Director Nanette Burstein, who previously lensed the Robert Evans documentary The Kid Stays in the Picture (one of the all-time best documentaries in my book), sat down with her latest subject — the most admired and vilified woman in all of American history — for 35 hours. From that, she conjured up a non-linear film style in which she shuffles back and forth between the past and the present, using history to cue up more recent moments and employing the events of recent years to line up with older flashpoints. From Whitewater and her headbands to Benghazi and her “emails,” it is all here, although what the film excels at, for sure, is telling: it not only expounds on the bio of Hillary, but doubles as a general herstory of the last five decades.

Being a woman in politics? Heck, being a woman in anything? The most telling moment is when, in the second episode, we get a close-up of Hillary, now a grandmother of three, enduring hair and makeup, two people going at her with brushes, eyeliner, lipstick. Right on cue, she tells the filmmaker that she estimates she spent about 600 hours doing this during her presidential campaign, and, having done the math, it amounts to 25 days in hair and makeup.

Men in her position, of course, face no expectation of doing the same and, right on cue, we are then taken to a moment from the last round of Democratic primaries — one of the many fly-on-the-wall moments in the film — in which a shambling Bernie Sanders appears on screen, asking Hillary for advice on whether he should keep his jacket buttoned or unbuttoned before they take the stage at an event. “You could start buttoned,” she suggests, a dash of exasperation in her voice. “Then, when you get wound up, you can unbutton.”

Whether you see her as Lady Macbeth in a pantsuit or as a transformational figure leading that first wave of women who joined the workforce in droves, the sexism cannot be negated. The docu-series drives that home in any number of ways, including showing the image rummaged up of Hillary being burned in actual effigy in Kentucky when she was trying to lead the crusade for health care while in the White House.
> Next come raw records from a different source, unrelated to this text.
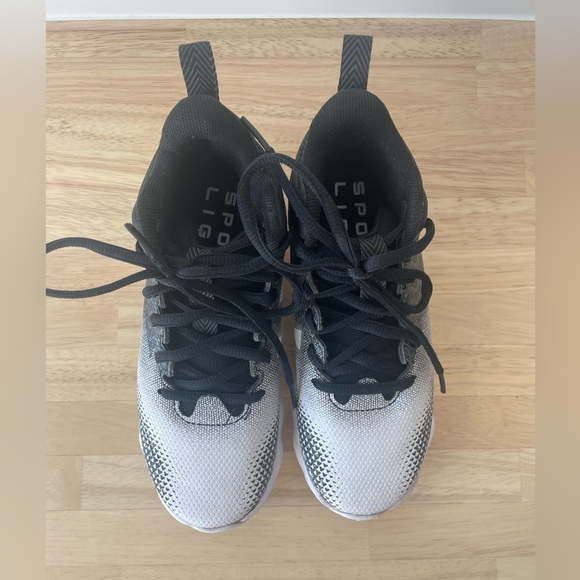 Under Armour Kids' Spotlight Franchise 3 Mid RM Football Cleats - Picture 5 of 7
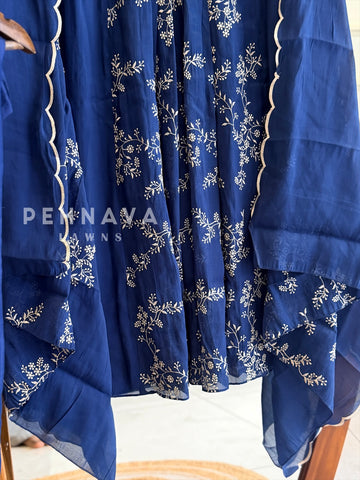Scallop Border Embroidered Suit Set
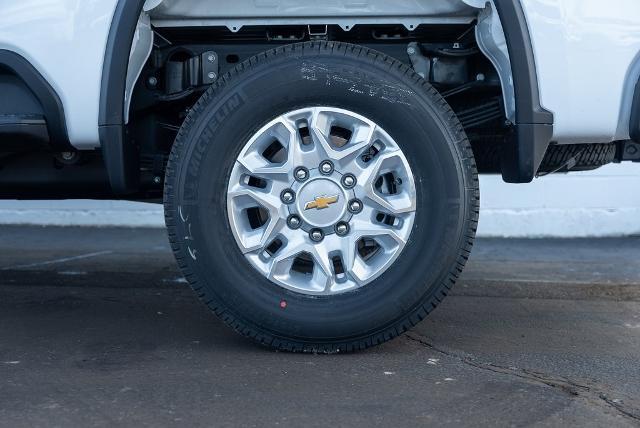 2025 Chevrolet Silverado 3500 HD Vehicle Photo in PLYMOUTH, MA 02360-4801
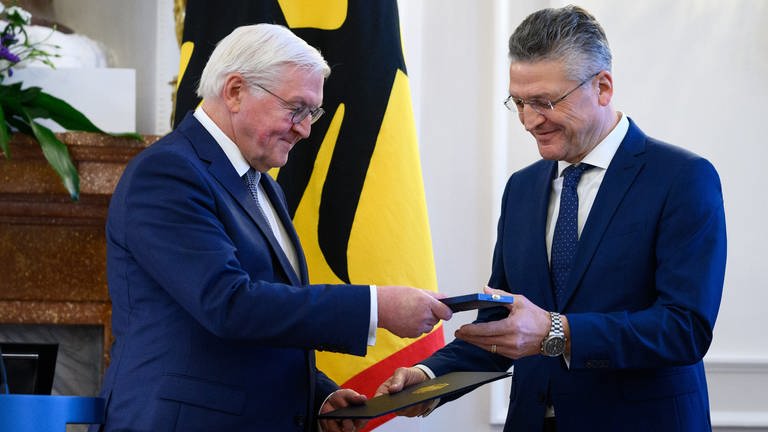 Lothar Wieler, der ehemalige Präsident des Robert Koch-Instituts für Seuchenbekämpfung, erhält das Bundesverdienstkreuz. Ausgezeichnet wird der international renommierte Mediziner für seine herausragende Rolle bei der Bekämpfung der Corona-Pandemie. 
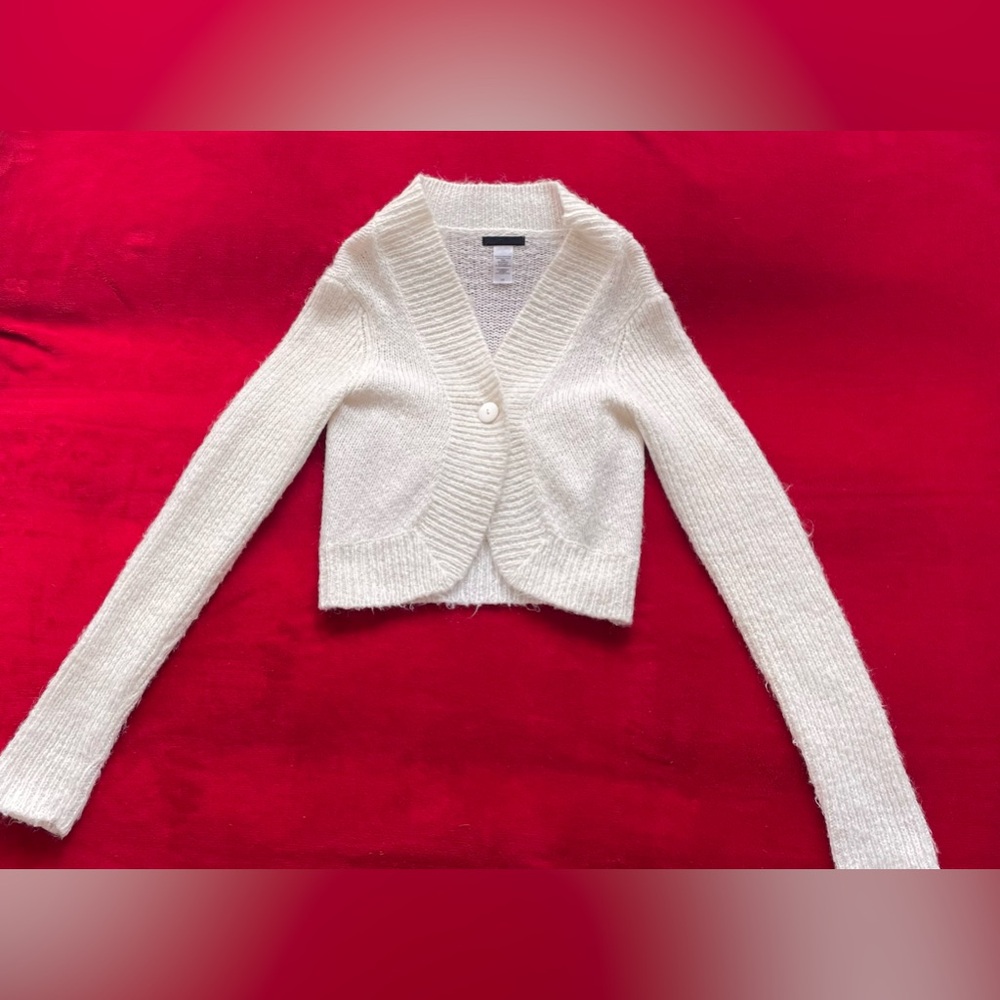 Guess Collection Women's Super Long Sleeve Knit Ivory One Button Cardigan Sz: L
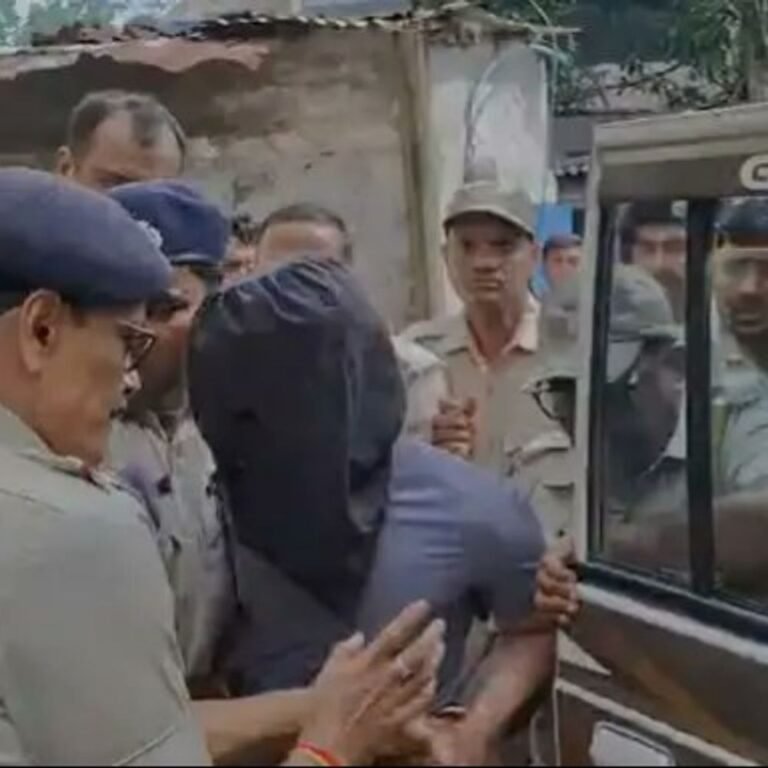 जंतर-मंतर प्रोटेस्ट में तोड़फोड़ करने वाला था संदिग्ध जैश आतंकी:बंगाल STF का दावा- पुलिस की वर्दी पहनकर घुसने वाला था; गर्लफ्रैंड भी गिरफ्तार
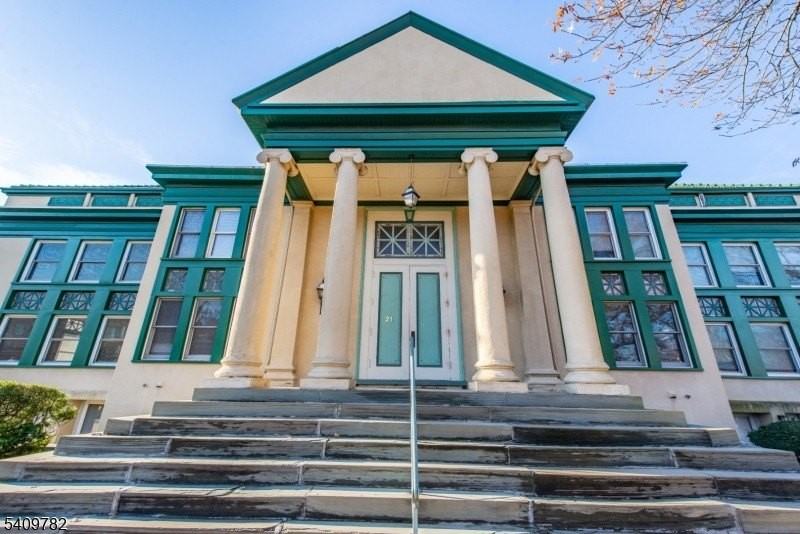 21 Springfield Ave #10 - Photo 3 of 29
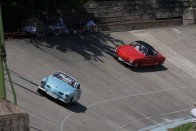 '67-es, majd '68-as Karmann Ghia a pesti oválon.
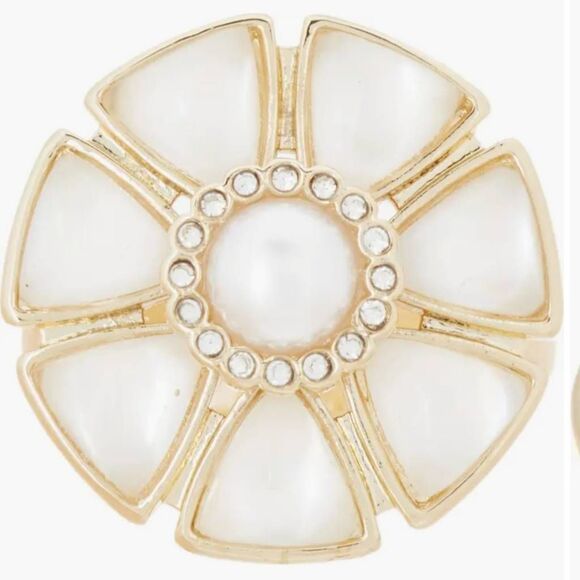 NWT Covet Faux Pearl and Cubic Zirconia Flower Cocktail Ring, Size 5, Gold/White - Picture 2 of 4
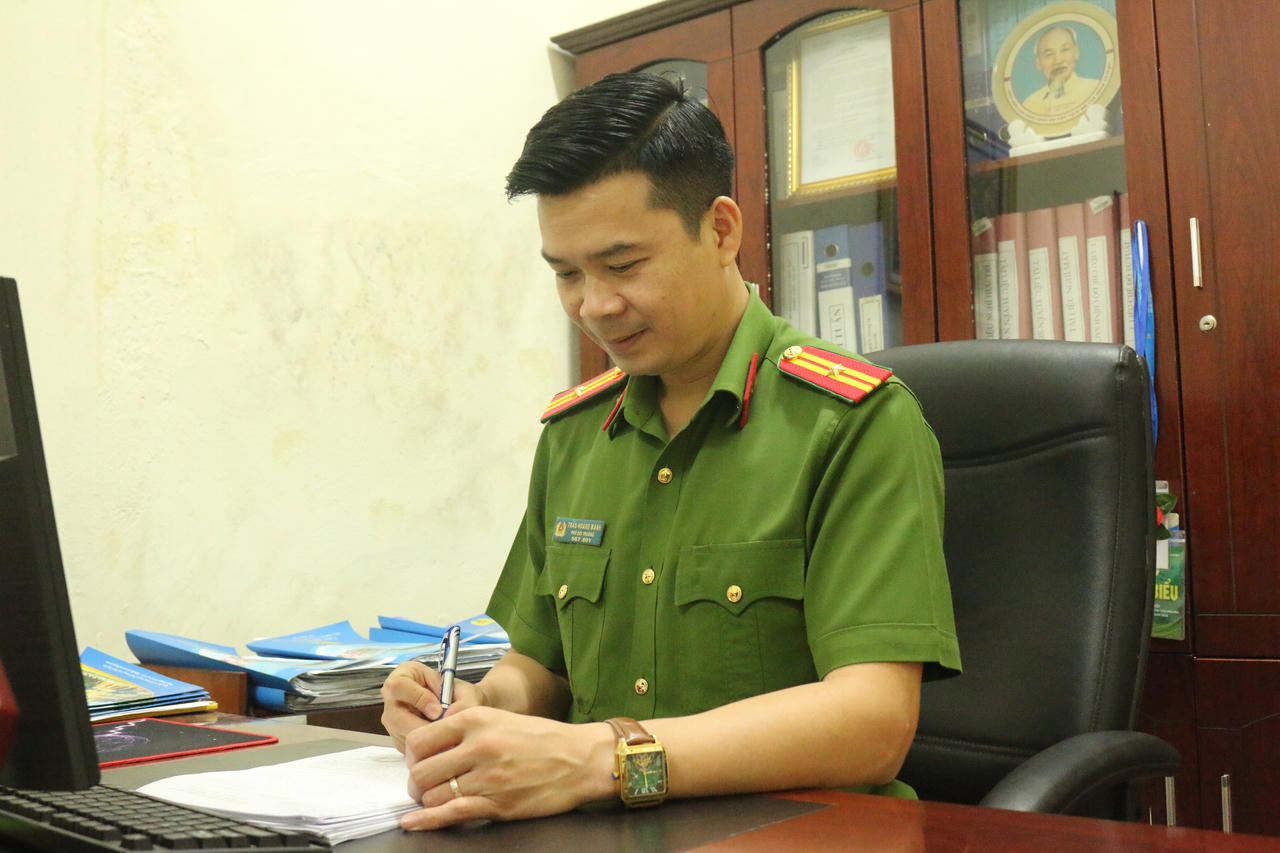 Vợ chồng cán bộ “gạn đục khơi trong” ở trại giam Phú Sơn 4 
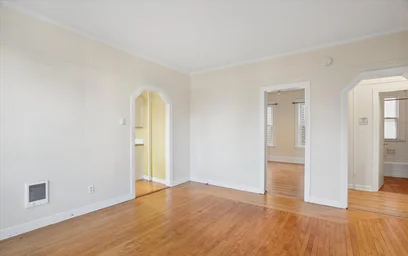 Logement entier en résidence à 14, Glenwood Ave., Unit 2, Cambridgeport, Cambridge, MA, 02163, image 12 de 31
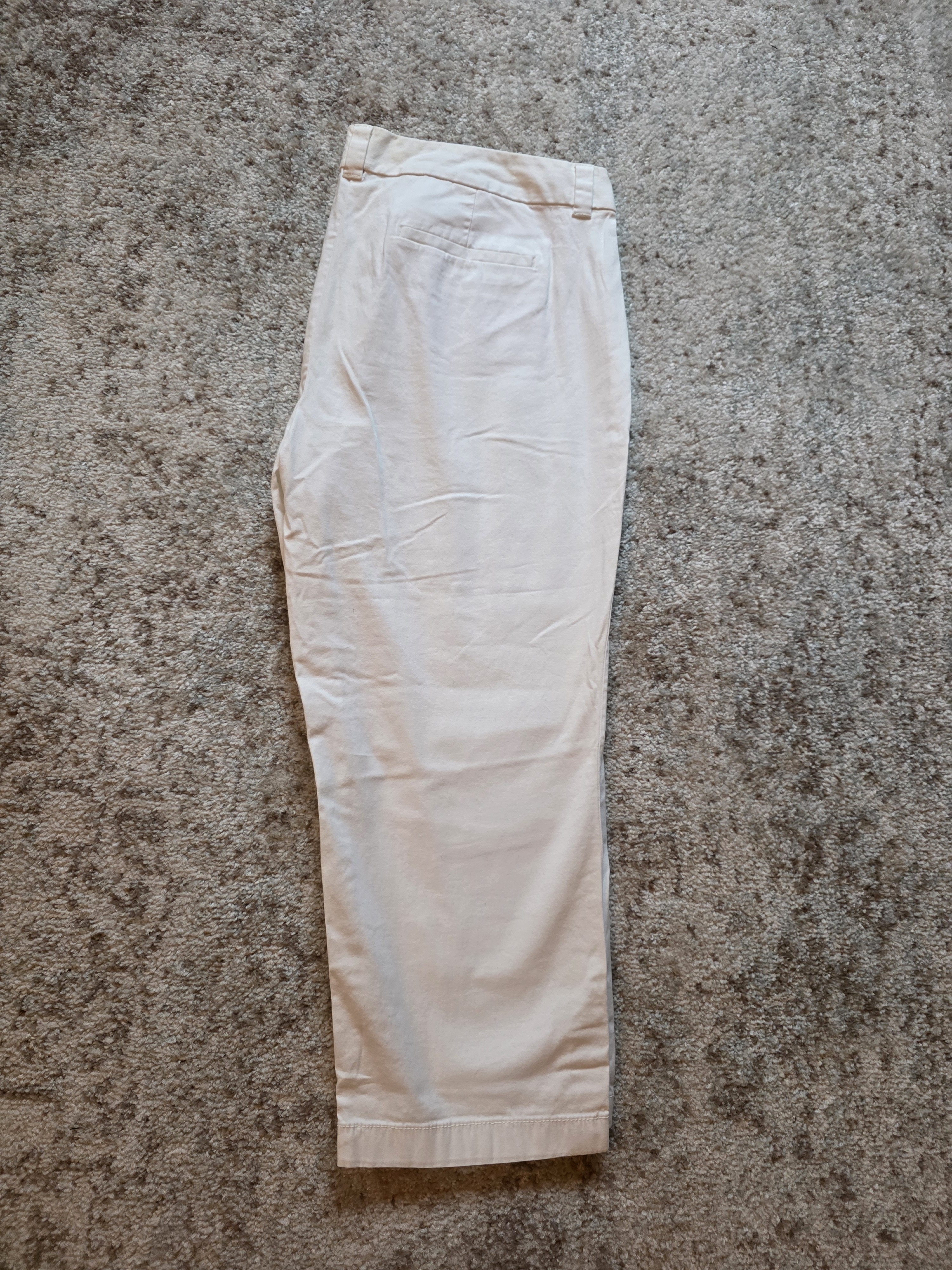 Ann Taylor Loft Original Crop Pants White Size 14 Capri Cropped Pants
One of the most compelling voices in this series to this point? It comes from former Clinton adviser Cheryl Mills. “It’s no surprise to me that the first break in the barrier of white male presidents was a Black male,” Mills, who is Black, argues at one point, referring to the tight grip that misogyny has on the culture. This because Obama was “still what we’re used to seeing: men lead, men are strong and men champion the issues for this country.”

Continuing on, Mills muses: “I don’t know that we’re ever ready for the person who has to blaze the trail. We’re ready for the people who come after them, because somebody else has created enough space for them to not have to shrink to fit. Instead, there’s plenty of room for them to walk in all their glory. And for her, she was at the tip of the spear.”

Part of that legacy? That now-iconic speech that Hillary made a quarter of a century ago at the World Conference on Women in Beijing during which she uttered the off-quoted line: “Women’s rights are human rights, and human rights are women’s rights.” The tick-tock on how the speech came to be and the reaction to it  is probably one of the most fascinating moments in the whole doc. Possibly my favourite part.

Watch the iconic speech below

A running theme in the series — possibly related — is the extent to which Hillary was so scrutinized early on that it became a second instinct to become overly cautious, and how worrying about optics can also consume you. How that righteousness can also blind you, as one talking head puts it. Likewise, how a classmate of hers from Yale Law School says: “Every time she tried to break the script … she winds up being criticized, so she stops. It is like a flower that keeps on closing down until after a while you appear packaged.”

She gets it, though. All too self-aware about some of her weaknesses, Hillary has a telling moment in the series, when her adviser Philippe Reines excitably describes a favourable poll. “Only five per cent say they hate you! Woo-hoo!” he tells her.

“You realize,” she says, “that’s still 25 million people.”